▶ _Brief_
The answer should hold only the lines from the one containing "三星S9+、iPhon" through the one containing "Стропа 25 мм" in the entries below, copied exactly, without pictures.

======== Dataset extract

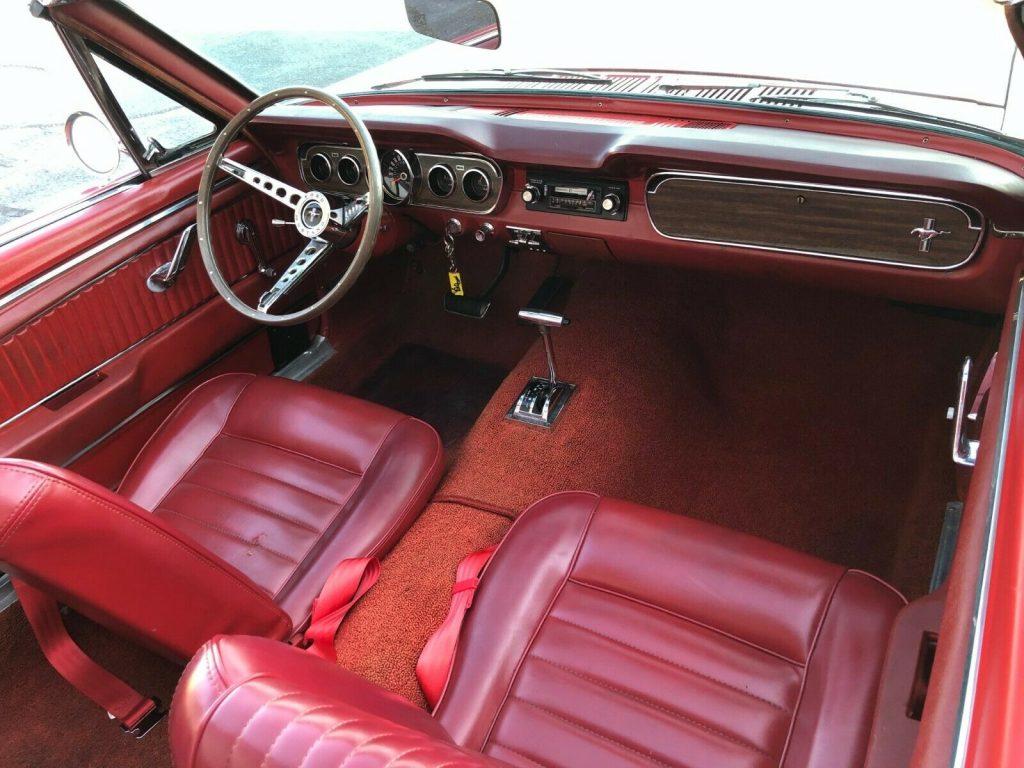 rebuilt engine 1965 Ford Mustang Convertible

================
======== Dataset extract

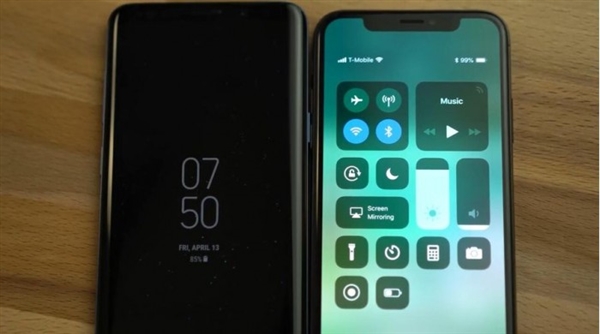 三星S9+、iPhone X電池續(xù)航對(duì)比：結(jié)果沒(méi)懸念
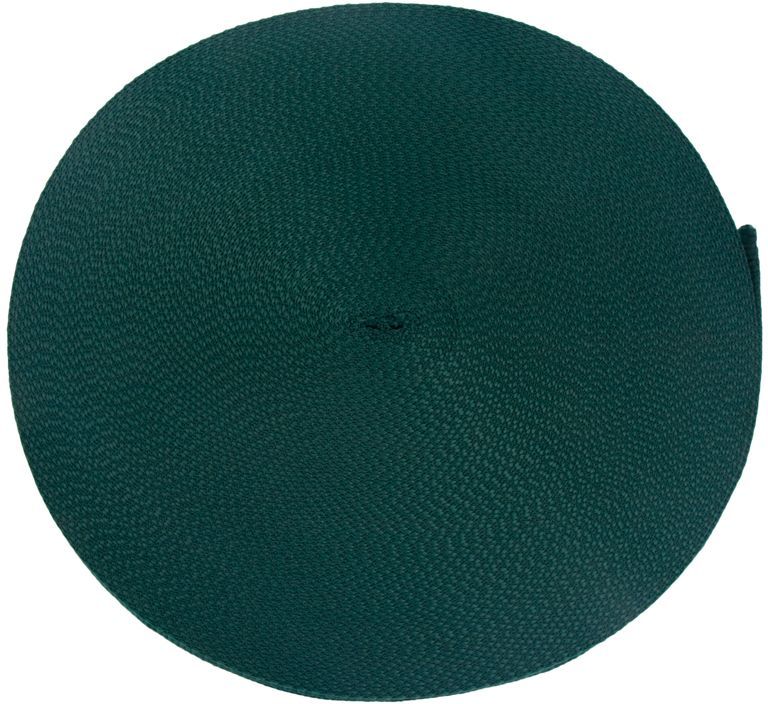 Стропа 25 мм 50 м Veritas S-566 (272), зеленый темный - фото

================
======== Dataset extract

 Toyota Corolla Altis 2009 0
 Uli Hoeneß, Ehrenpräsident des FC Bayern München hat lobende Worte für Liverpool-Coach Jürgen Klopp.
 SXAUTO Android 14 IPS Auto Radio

================

▶ _Completed task_
 三星S9+、iPhone X電池續(xù)航對(duì)比：結(jié)果沒(méi)懸念
 Стропа 25 мм 50 м Veritas S-566 (272), зеленый темный - фото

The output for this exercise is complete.